Export Registry Forge Patient Edition
OMOP CDM v5.4 Production ETL across the full schema Starter ETL covering 7 core tables (PERSON, OBSERVATION_PERIOD, CONDITION_OCCURRENCE, DRUG_EXPOSURE, MEASUREMENT, OBSERVATION, DEVICE_EXPOSURE). Concept IDs resolved against the Athena vocabulary when supplied.
GA4GH Phenopackets v2 Full per-patient JSON with resources, evidence, and provenance One JSON per patient with subject, diseases (Mondo-mapped), medical actions (RxNorm), measurements (LOINC). phenotypicFeatures not yet populated.
Mondo disease ontology Comprehensive crosswalk integrated with the OHDSI vocab stack Starter crosswalk (~80 codes) focused on epilepsy, adjacent neurology, neurodevelopmental disorders, and common comorbidities. User-supplied override CSV supported.
EDA reports ydata-profiling + sweetviz reports integrated into the multi-patient dashboard ydata-profiling + sweetviz reports + a custom Chart.js dashboard, all with PHI-aware disclaimer banners
Note keyword flagging NLP pipeline with negation detection and section context Naive regex screening with snippet extraction. Default keyword list neurology/rare disease focused.
Drug repurposing Reimer-methodology cohort-level exposure analysis Not implemented (cohort sizes typically too small)
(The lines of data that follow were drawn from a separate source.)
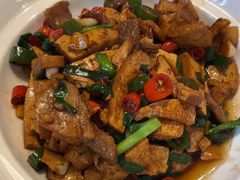 -大鸭梨烤鸭(甘家口店)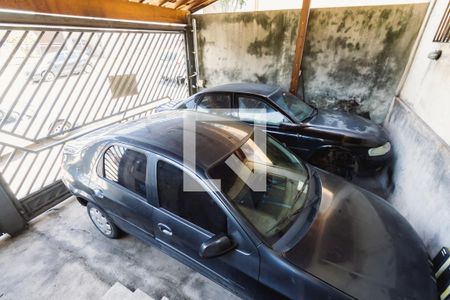 Casa à venda com 280m², 2 quartos e 2 vagasGaragem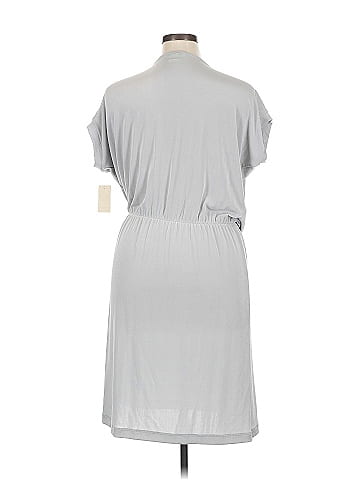 Coldwater Creek Casual Dress (view 2)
What Patient Edition deliberately omits

Several Registry Forge features make less sense for patient-shared data and are intentionally absent:

No SMART-on-FHIR ingest

Patient downloads come as files. The OAuth dance, the FHIR Bundle pagination, the medicationReference resolution - none of that applies. The parser only knows how to read XML on disk.
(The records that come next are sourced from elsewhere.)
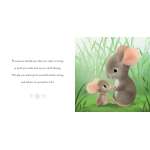 Why A Daughter Needs A Mom - Book - Paracay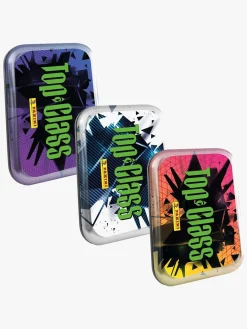 Spil & Puslespil|FIFA Top Class 2024 Samlekort med Æske Blandet Udvalg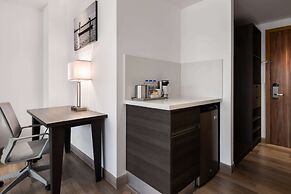 Wyndham Garden Guatemala City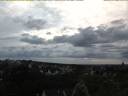 Vorschaubild von 13.09.2025 19:27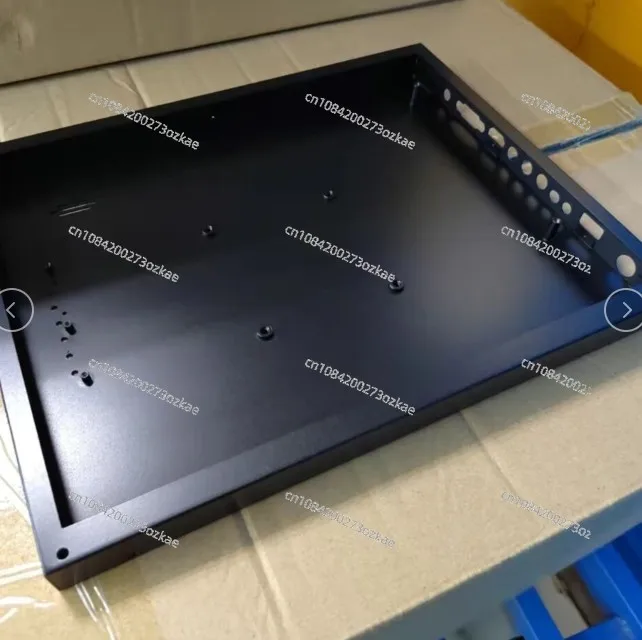 17 18 5 19 дюймов ширина положительный 21 5/22 монитор Модифицированный корпус 58C TV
No drug repurposing report

The Reimer-methodology analysis Registry Forge implements requires cohort-level exposure groups (≥ N patients per ATC class) and time-to-event endpoints that aren't typically reconstructable from patient-downloaded data alone.

No five-tier QC framework

The Kahn 2016 + OHDSI DQD framework is designed for institutional pipelines with clinician spot-review and regression testing across releases. Patient-edition users typically work with one fixed bundle of files and don't have a release cadence.
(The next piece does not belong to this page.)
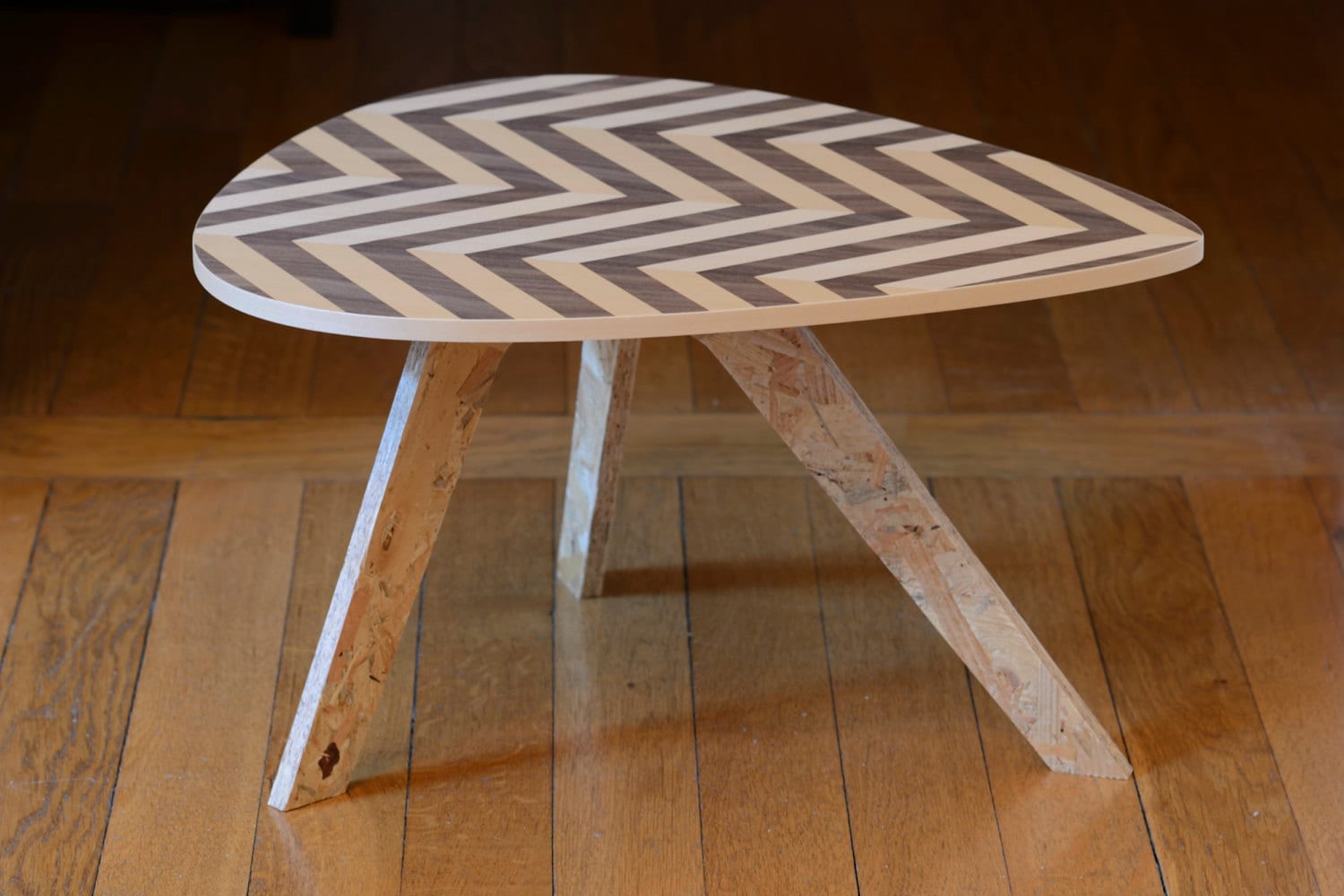 table basse/Desserte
No negation or context detection in note flagging

The flagger does simple case-insensitive regex matching. no history of seizures produces a seizure flag. Patient Edition's flagger is a screening tool only; Registry Forge's NLP layer would be a more appropriate target if you need clinical-grade extraction.

What we kept identical

  • Long-format schema for the master CSV. Every column matches Registry Forge byte-for-byte.
  • raw_record_json column on every record for reviewer drill-down.
  • Sort order: (last_name, first_name, patient_id, category, effective_date).
  • Self-contained HTML dashboard philosophy: open, no server.
  • Excel-safe encoding (UTF-8 with BOM, 32K char truncation on long cells).
  • OMOP CDM v5.4 column names byte-for-byte across the seven tables both projects emit.
  • GA4GH Phenopackets v2 structural compliance (pxf validate should pass).
  • MIT license.

Can outputs be mixed?

Yes - that's the point. If you have an institutional cohort processed through Registry Forge and a participant-shared cohort processed through Patient Edition, you can concatenate the two patient_master.csv files and run a single analysis. The source column distinguishes records: Registry Forge tags rows as ccda or fhir; Patient Edition only ever writes ccda (or empty for patient headers). Just be aware of identity-resolution differences before merging at the patient level.

For OMOP CDM merging, the column schemas line up directly. Concatenate the same-named tables, run de-duplication by (person_source_value, *_source_value, *_date), and apply your own person ID reconciliation across the two sources.